[Records from a data collection]
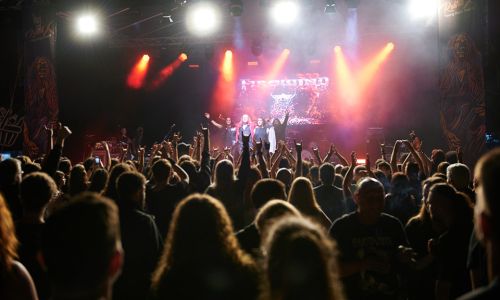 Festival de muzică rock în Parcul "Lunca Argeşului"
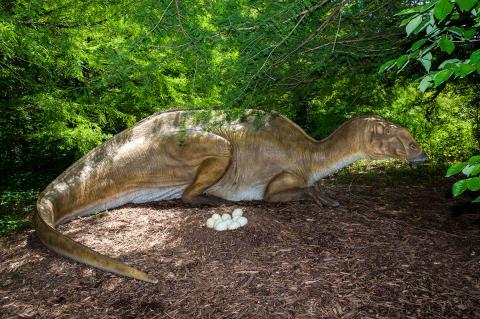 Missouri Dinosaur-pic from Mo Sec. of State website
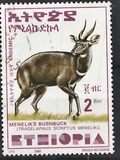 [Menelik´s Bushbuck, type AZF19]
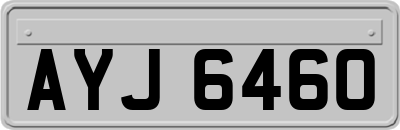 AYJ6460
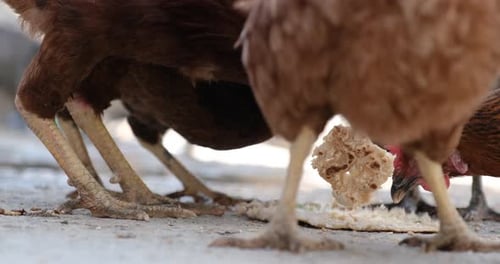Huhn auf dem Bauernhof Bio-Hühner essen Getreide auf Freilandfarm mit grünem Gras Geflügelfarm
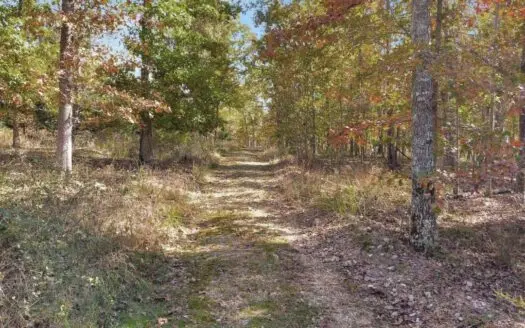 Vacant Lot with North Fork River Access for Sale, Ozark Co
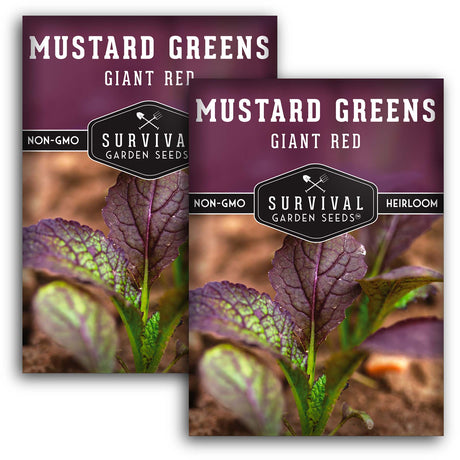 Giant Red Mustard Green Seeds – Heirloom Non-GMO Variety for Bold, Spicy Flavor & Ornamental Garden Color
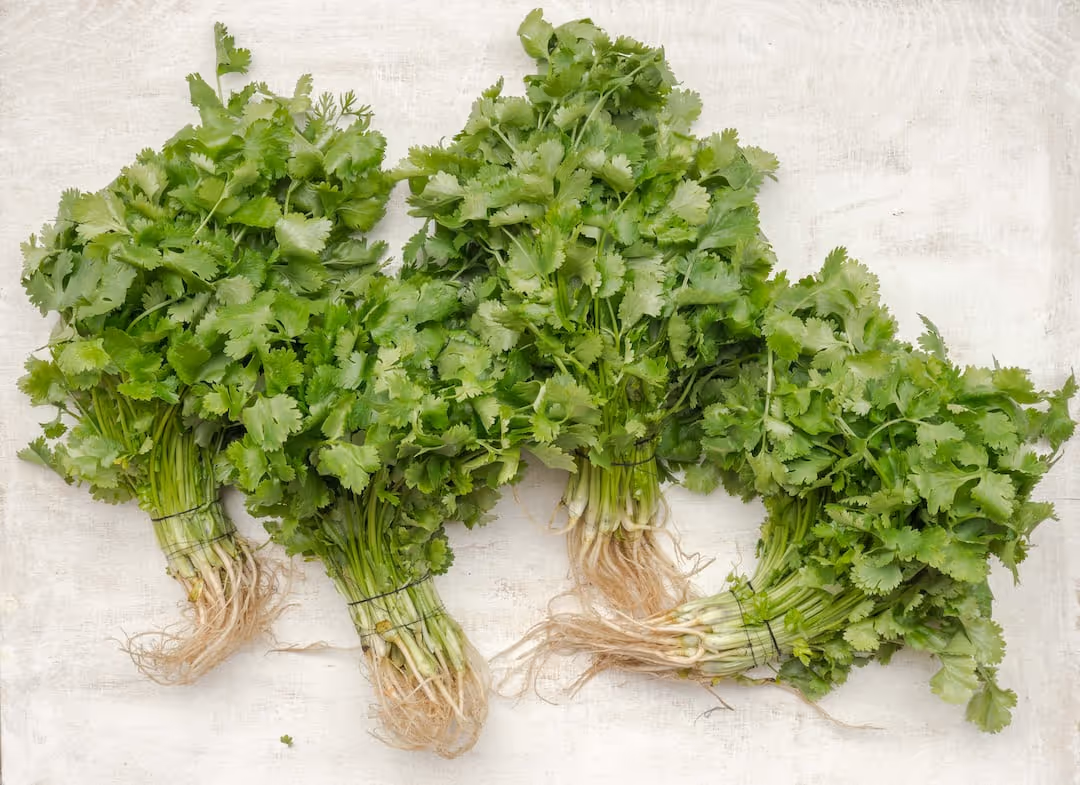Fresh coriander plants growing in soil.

...

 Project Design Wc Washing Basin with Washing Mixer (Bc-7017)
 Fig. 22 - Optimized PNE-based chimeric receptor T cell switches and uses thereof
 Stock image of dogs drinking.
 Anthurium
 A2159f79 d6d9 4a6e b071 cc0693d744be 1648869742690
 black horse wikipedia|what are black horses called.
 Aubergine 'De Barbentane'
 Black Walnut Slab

--

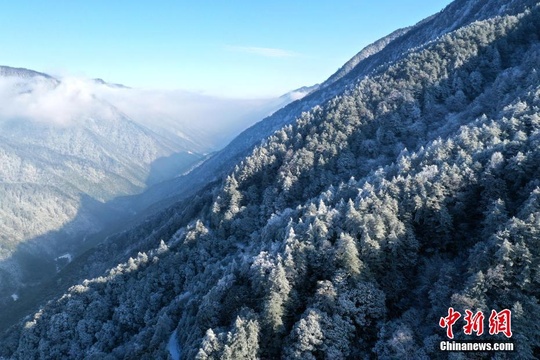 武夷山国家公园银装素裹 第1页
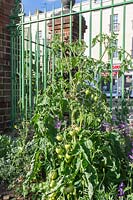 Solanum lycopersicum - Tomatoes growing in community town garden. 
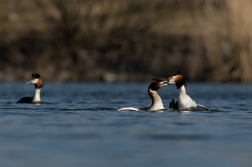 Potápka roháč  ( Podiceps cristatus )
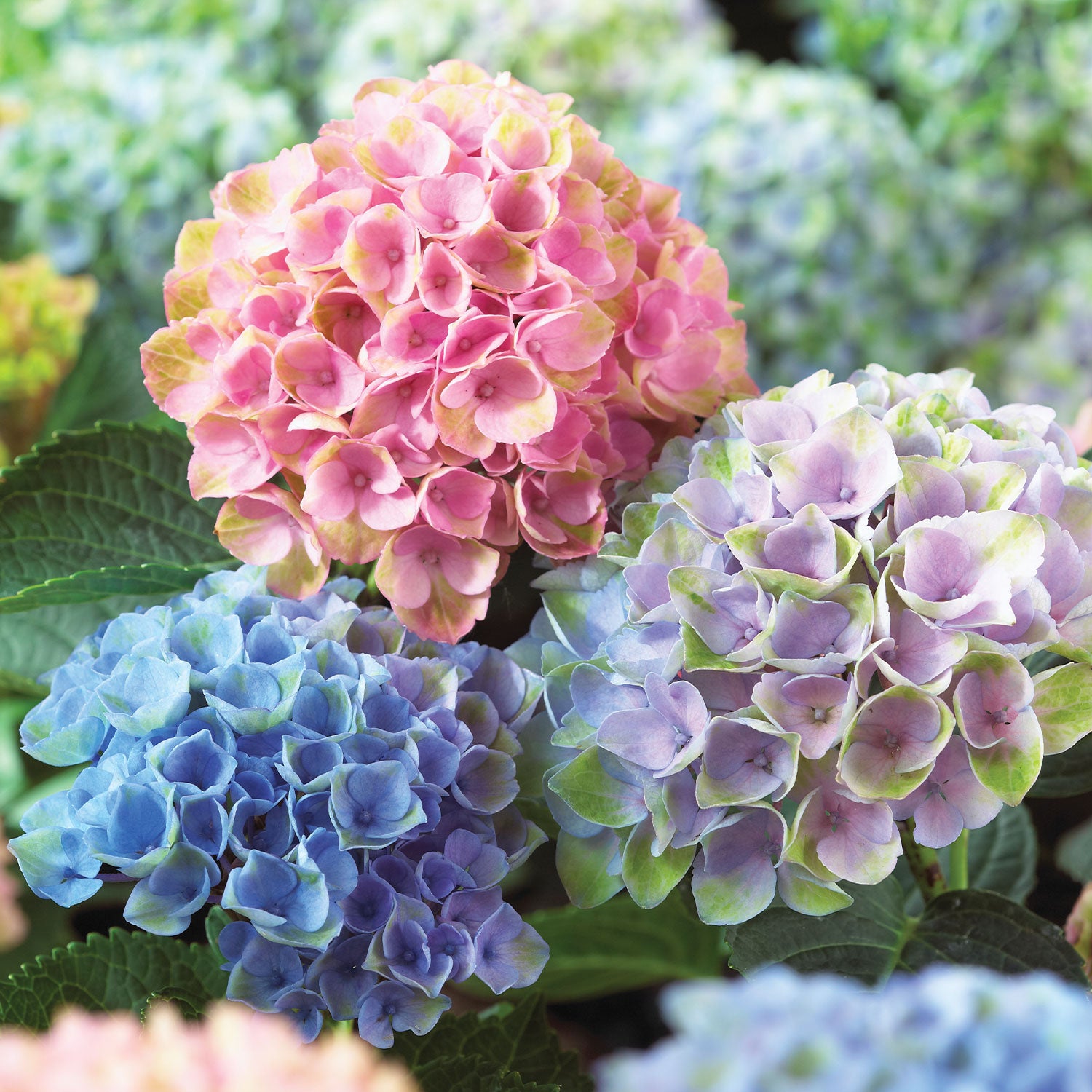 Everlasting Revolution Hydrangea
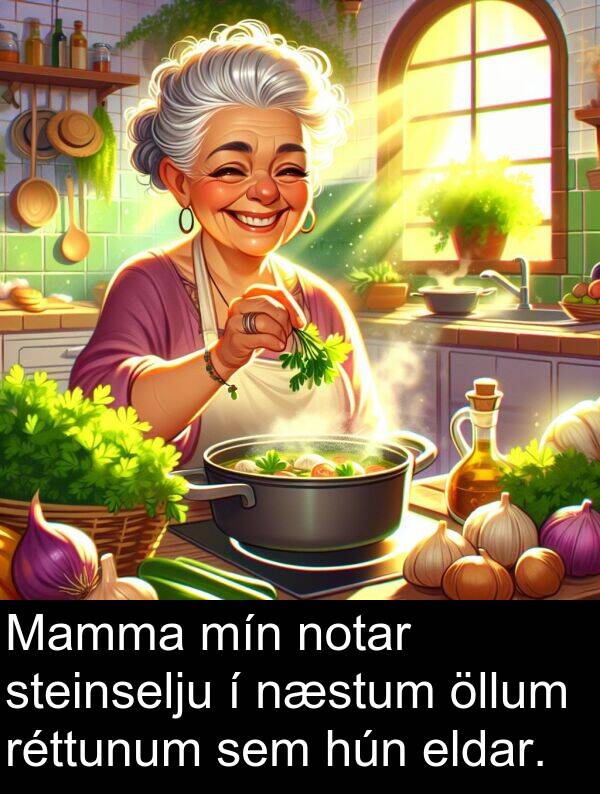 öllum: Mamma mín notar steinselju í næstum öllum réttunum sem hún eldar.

### Exercise:
Repeat, without pictures, exactly the lines of the data above from the one containing "Solanum lycopersicum - Tomatoes" through the one containing "öllum: Mamma mín", including both and adding nothing.

### Answer to the exercise:
 Solanum lycopersicum - Tomatoes growing in community town garden. 
 Potápka roháč  ( Podiceps cristatus )
 Everlasting Revolution Hydrangea
 öllum: Mamma mín notar steinselju í næstum öllum réttunum sem hún eldar.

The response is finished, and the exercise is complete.